• What is needed
The entries follow. Copy every line in which "Piece" appears.

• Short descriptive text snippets
★ ★ ★ ★
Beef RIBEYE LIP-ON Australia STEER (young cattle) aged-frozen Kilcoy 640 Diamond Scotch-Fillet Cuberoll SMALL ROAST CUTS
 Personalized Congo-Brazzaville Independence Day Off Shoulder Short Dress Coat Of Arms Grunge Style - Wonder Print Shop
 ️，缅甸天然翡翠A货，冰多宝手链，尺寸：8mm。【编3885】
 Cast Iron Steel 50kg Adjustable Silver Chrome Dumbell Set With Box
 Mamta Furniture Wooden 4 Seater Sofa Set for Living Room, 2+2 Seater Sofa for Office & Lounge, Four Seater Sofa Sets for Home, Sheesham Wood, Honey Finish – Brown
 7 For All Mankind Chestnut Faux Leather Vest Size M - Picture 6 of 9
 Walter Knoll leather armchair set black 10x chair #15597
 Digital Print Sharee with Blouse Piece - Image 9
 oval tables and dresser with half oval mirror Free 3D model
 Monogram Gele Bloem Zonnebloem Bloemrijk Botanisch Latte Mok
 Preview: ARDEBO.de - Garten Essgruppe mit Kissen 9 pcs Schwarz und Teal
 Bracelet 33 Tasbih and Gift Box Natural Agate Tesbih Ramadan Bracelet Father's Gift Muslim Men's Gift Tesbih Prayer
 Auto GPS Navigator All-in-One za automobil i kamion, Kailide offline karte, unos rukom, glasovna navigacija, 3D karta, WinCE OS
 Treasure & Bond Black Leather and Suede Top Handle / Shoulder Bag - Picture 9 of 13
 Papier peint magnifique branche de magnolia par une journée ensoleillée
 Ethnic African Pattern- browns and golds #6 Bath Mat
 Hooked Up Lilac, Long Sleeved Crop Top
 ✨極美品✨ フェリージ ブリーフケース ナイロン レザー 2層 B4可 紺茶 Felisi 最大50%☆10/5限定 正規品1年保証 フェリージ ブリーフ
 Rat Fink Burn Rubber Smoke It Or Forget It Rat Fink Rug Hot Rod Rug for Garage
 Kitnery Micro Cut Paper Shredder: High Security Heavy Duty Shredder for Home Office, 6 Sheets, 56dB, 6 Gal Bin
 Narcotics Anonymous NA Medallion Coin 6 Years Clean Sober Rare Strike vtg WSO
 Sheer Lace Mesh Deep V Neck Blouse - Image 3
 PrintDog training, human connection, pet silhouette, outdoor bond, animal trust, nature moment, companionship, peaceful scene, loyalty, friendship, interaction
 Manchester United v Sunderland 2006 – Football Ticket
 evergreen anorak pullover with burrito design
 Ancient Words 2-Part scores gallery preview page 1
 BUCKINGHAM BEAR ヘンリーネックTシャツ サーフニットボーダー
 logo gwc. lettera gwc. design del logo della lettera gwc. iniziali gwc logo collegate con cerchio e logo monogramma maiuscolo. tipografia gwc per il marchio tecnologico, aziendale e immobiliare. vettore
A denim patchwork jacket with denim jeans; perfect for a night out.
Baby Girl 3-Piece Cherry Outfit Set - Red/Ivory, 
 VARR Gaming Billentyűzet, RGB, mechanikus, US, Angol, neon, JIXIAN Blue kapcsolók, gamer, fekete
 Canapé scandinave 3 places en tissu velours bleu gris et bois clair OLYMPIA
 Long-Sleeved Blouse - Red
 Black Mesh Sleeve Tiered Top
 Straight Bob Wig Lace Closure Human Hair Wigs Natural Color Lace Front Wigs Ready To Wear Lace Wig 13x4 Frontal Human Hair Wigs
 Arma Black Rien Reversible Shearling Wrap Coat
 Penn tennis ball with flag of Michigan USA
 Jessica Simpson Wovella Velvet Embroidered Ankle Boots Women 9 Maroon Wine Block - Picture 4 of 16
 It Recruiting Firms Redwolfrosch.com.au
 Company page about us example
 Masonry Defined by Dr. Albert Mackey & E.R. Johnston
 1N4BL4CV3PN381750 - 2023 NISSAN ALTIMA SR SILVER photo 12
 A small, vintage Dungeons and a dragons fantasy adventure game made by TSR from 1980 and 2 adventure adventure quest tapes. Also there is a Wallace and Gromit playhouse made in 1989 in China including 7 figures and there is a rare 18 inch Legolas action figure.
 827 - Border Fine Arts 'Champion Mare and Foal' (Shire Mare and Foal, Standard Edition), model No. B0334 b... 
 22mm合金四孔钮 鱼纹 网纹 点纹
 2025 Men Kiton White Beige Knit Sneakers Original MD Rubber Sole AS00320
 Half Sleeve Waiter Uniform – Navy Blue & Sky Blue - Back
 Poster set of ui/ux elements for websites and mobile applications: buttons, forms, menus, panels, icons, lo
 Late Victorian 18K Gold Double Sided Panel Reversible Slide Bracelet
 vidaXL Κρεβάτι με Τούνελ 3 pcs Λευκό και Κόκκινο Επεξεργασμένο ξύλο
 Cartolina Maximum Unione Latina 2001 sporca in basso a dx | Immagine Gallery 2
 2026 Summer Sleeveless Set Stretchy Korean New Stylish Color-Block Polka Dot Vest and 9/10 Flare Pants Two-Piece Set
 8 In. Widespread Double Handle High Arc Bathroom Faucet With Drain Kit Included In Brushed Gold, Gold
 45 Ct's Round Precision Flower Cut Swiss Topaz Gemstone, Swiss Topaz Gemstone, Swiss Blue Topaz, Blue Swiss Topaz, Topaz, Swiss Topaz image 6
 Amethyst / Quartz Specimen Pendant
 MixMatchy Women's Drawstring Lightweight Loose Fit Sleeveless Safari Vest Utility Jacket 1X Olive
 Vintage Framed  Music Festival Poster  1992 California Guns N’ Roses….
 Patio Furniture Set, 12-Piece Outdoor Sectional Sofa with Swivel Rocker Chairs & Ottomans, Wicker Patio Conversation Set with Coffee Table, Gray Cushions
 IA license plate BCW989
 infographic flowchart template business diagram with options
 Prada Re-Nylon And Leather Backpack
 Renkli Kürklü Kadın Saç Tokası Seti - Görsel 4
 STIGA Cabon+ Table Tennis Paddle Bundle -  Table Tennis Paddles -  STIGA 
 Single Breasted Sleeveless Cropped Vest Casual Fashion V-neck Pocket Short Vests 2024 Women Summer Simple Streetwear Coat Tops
★ ★ ★ ★
• Answer space
 Digital Print Sharee with Blouse Piece - Image 9
Baby Girl 3-Piece Cherry Outfit Set - Red/Ivory, 
 2026 Summer Sleeveless Set Stretchy Korean New Stylish Color-Block Polka Dot Vest and 9/10 Flare Pants Two-Piece Set
 Patio Furniture Set, 12-Piece Outdoor Sectional Sofa with Swivel Rocker Chairs & Ottomans, Wicker Patio Conversation Set with Coffee Table, Gray Cushions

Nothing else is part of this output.